Our biggest barrier is financing - without the upfront capital to buy the appropriate solar technologies, test distribution models and assess the market for these products, we'll never get to scale. We've planned a number of fundraisers in the next year and have selected high-quality board members that are committed to helping us raise funds (among other things). We're humbly aware that we ought to approach our pilot with flexibility and adaptability as we realize the social and enviornmental issues we're facing are complex. We're confident that we have a model that works and the skills to be successful.

How does your model address financial, social, and environmental sustainability?
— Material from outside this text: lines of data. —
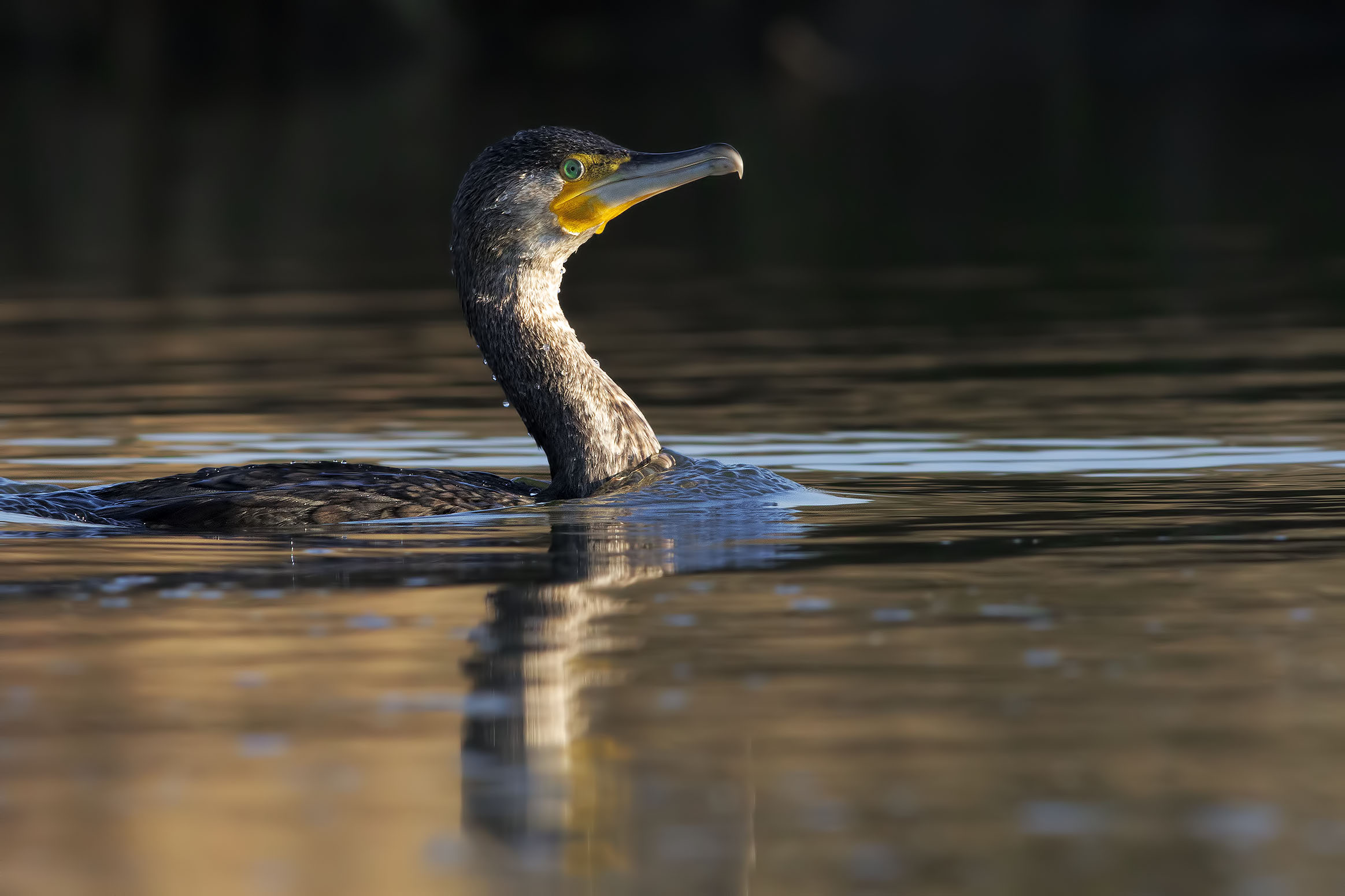 Banned hunting (Cormorant)...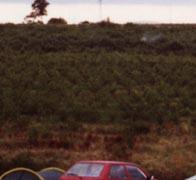 wei&szlig;e Blinker im Einser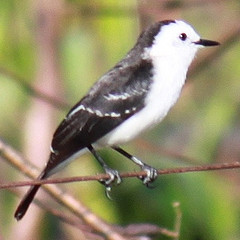 Fluvicola albiventer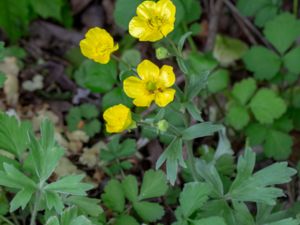 Ranunculus psilostachys - Luddranunkel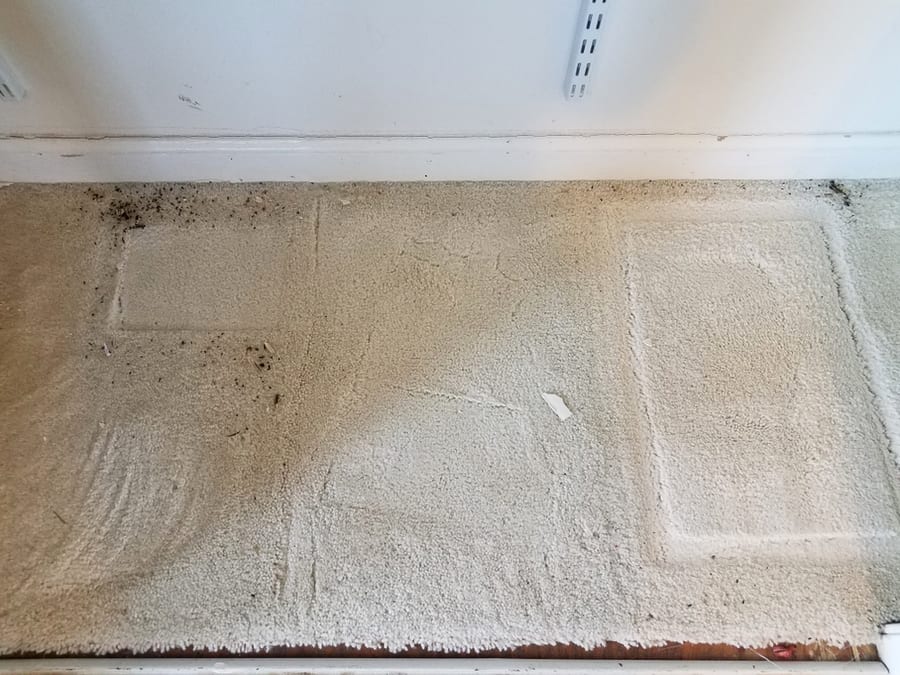 How To Clean Rat Droppings From Carpet
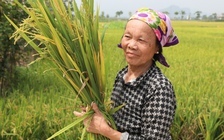 Lúa không kết hạt, nhiều hộ nông dân trắng tay vụ xuân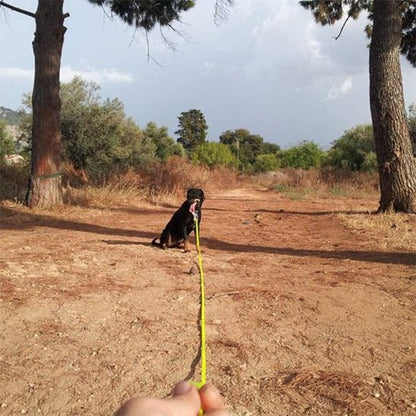 longe-pour-chien-chouette-assis-jaune-chien
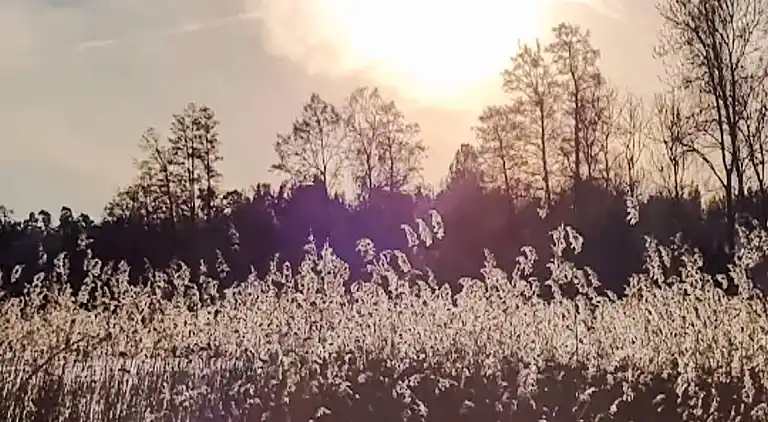 Semesterbostad i Hövik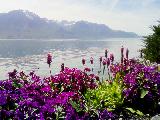 湖光山色瑞士四天精选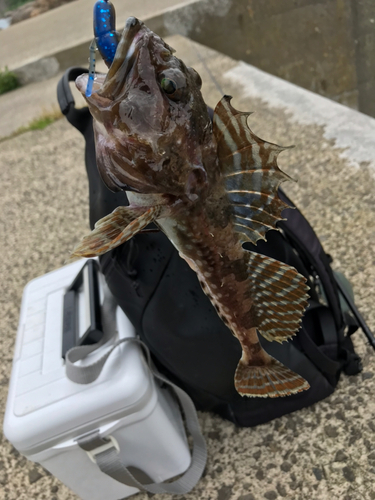 ニジカジカの釣果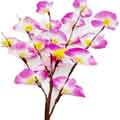 Creative Simulation Phalaenopsis LED Christmas Light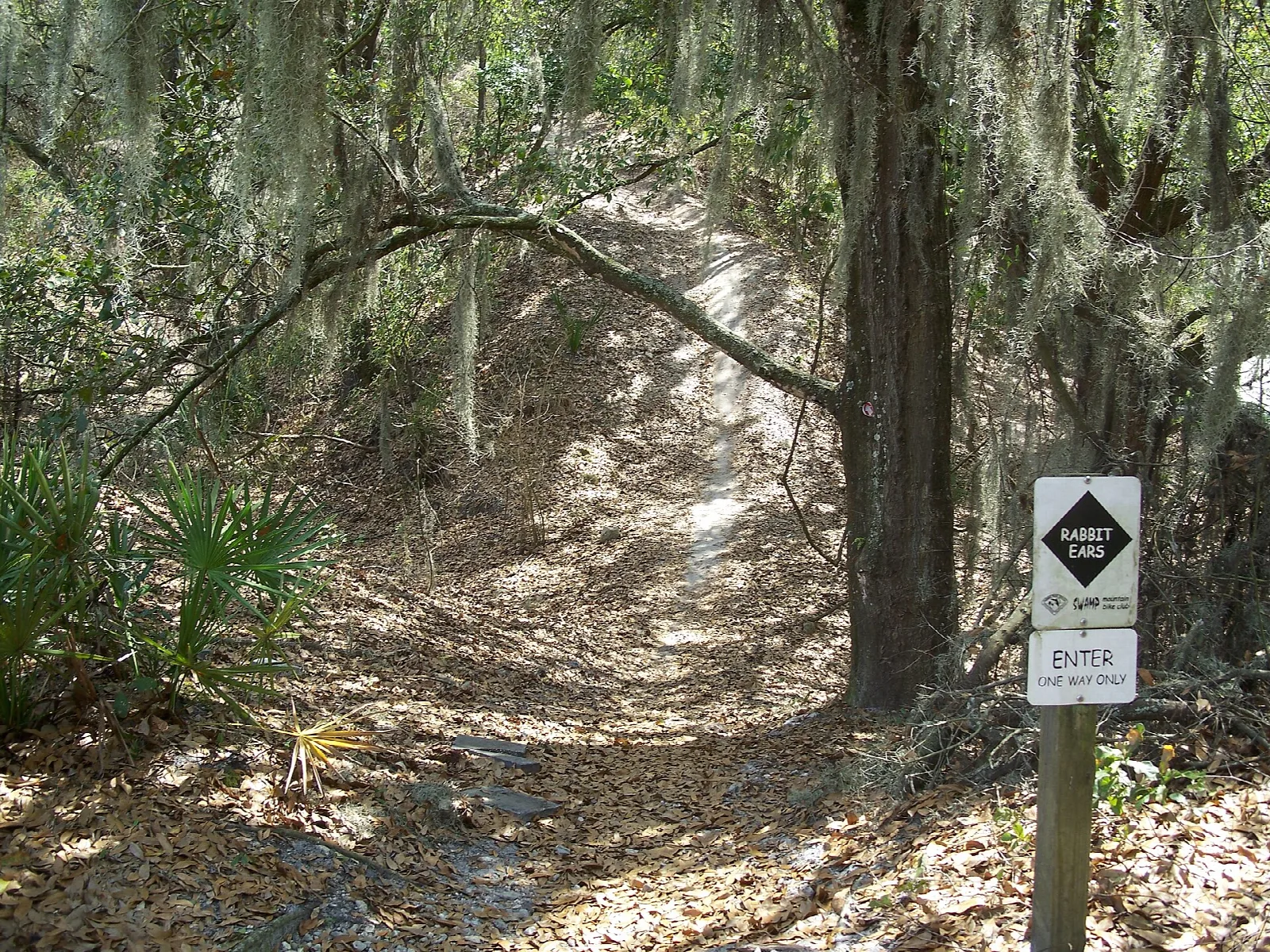 Shaded trail under moss-hung oaks with a trail sign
EG’s projects contribute to the sustainable development of rural and marginalized communities in Nepal. EG evaluates itself based on net social (jobs created, decreased exposure to smoke and fumes, increased educational attainment) and environmental (CO2 reduced, avoided deforestation) impact, as well as its ability to fund its own activities based on decreasing amounts of donor money.

We aim to have an immediate net-positive environmental and social impact starting in year one, and achieve financial sustainability by year five through RET-sales, consulting services, and CO2 credit monetization. Our overriding goal is not to make the most amount of money, but to have the greatest positive, financially self-sustaining impact on society over the long-term.

EG has a multi-platform business model, working at the intersection of RET suppliers, BoP women-entrepreneurs, and donors focused on issues such as energy poverty and women’s rights. RET suppliers are looking for ways to access rural areas of developing countries to distribute their product. Our model takes advantage of innovations as they arise, and connects them with markets where they make most sense.

Awareness & learning
How do you see social entrepreneurship contributing to the improvement of developing countries?

Social enterprise is a powerful tool that we hope to use to change the current paradigm of international development. First, as a social enterprise ourselves, we're determined to find market based solutions that will outlast our time on this planet. The problems that exist in developing countries are complex and constantly changing. Old aid-based solutions and antequated processes are insufficient in addressing pressing needs. Social enterprises have a unique opportunity to influence critical actors at all levels through a market-based approach to finding scalable solutions, testing models, learning from failures and generating a great deal of energy and knowledge that would not exisit otherwise. Social enterprises can act as intermediaries, react nimbly and take risks in ways that governments, NGOs and multi-laterals cannot and while aid programs leave behind dependency, social enterprise leaves behind a well-functioning economy.

What aspects of your stay in Uganda as part of the competition do you think you will find most challenging and rewarding?

I look forward to the opportunity to meet other likeminded social entrepeneurs and learn from their experiences. I've participated in a number of international peer learning engagements, including attending UNESCO's 2011 European Youth Leadership Forum. The chance to interact in a different environment and learn about other entrepreneur's adventures helps me develop new perspectives to apply to EG.

Solar PV entrepreneurship is very successful in Africa and I am eager to learn about how our issue areas differ from the Ugandan context and am excited to improve our model with new information. We've found it to be incredibly enriching to work with individuals from different sectors, regions, classes and organizational levels. We've benefited from this cross disciplinary approach and diversifying our knowledge of different continents will only advance our abilities to address the needs of the rural poor in Nepal.